A Mega-Study of Digital Twins Reveals Strengths, Weaknesses and Opportunities for Further Improvement
Tianyi Peng, George Gui, Melanie Brucks, Daniel J. Merlau, Grace Jiarui Fan, Malek Ben Sliman, Eric J. Johnson, Abdullah Althenayyan, Silvia Bellezza, Dante Donati, Hortense Fong, Elizabeth Friedman, Ariana Guevara, Mohamed Hussein, Kinshuk Jerath, Bruce Kogut, Akshit Kumar, Kristen Lane, Hannah Li, Vicki Morwitz, Oded Netzer, Patryk Perkowski, Olivier Toubia
TL;DR
The paper conducts a large-scale evaluation of digital twins derived from rich, individual-level data, testing their ability to mirror human responses across diverse domains. Using 19 preregistered sub-studies on a representative U.S. panel, it finds that twins achieve about 75% individual-level accuracy but only modest correlations (~0.2) with human answers, and that correlations improve when personal details are included. Rich input data can outperform some traditional ML benchmarks that need additional data, yet twins do not improve population-level means and remain under-dispersed relative to humans. The authors provide open data and code, discuss domain-specific strengths and weaknesses (notably stronger in social/cognitive domains and weaker in political contexts), and argue for cautious, advisory use of digital twins while highlighting avenues to enhance their predictive pipelines.
Abstract
Digital representations of individuals ("digital twins") promise to transform social science and decision-making.
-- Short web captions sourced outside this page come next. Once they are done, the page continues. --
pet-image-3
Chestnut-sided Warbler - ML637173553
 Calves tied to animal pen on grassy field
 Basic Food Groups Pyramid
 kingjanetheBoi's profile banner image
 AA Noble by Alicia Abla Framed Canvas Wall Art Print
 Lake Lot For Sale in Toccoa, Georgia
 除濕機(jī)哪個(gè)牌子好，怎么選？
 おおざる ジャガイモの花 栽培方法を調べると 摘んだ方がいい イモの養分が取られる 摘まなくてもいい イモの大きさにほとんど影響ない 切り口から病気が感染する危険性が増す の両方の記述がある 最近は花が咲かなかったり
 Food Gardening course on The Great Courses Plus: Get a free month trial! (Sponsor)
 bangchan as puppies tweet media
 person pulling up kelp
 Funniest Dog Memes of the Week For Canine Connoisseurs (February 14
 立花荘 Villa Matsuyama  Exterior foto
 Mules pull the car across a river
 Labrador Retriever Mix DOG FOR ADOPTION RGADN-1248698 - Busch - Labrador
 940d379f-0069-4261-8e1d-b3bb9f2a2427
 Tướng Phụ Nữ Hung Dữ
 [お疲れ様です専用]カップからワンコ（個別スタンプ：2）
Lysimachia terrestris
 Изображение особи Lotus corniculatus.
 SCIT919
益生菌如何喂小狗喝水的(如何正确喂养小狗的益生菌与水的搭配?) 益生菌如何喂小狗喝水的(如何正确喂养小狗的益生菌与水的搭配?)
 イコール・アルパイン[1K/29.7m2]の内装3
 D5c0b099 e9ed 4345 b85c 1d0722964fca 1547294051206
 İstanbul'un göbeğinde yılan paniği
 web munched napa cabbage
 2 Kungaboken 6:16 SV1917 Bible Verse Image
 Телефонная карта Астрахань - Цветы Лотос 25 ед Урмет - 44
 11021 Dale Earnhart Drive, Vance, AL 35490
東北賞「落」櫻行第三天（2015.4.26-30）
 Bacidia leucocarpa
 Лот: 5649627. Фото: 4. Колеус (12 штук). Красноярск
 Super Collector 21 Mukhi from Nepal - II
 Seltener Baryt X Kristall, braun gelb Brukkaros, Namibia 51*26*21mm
Yet it remains unclear whether such twins truly mirror the people they emulate. We conducted 19 preregistered studies with a representative U.S. panel and their digital twins, each constructed from rich individual-level data, enabling direct comparisons between human and twin behavior across a wide range of domains and stimuli (including never-seen-before ones). Twins reproduced individual responses with 75% accuracy and seemingly low correlation with human answers (approximately 0.2). However, this apparently high accuracy was no higher than that achieved by generic personas based on demographics only. In contrast, correlation improved when twins incorporated detailed personal information, even outperforming traditional machine learning benchmarks that require additional data. Twins exhibited systematic strengths and weaknesses - performing better in social and personality domains, but worse in political ones - and were more accurate for participants with higher education, higher income, and moderate political views and religious attendance. Together, these findings delineate both the promise and the current limits of digital twins: they capture some relative differences among individuals but not yet the unique judgments of specific people. All data and code are publicly available to support the further development and evaluation of digital twin pipelines.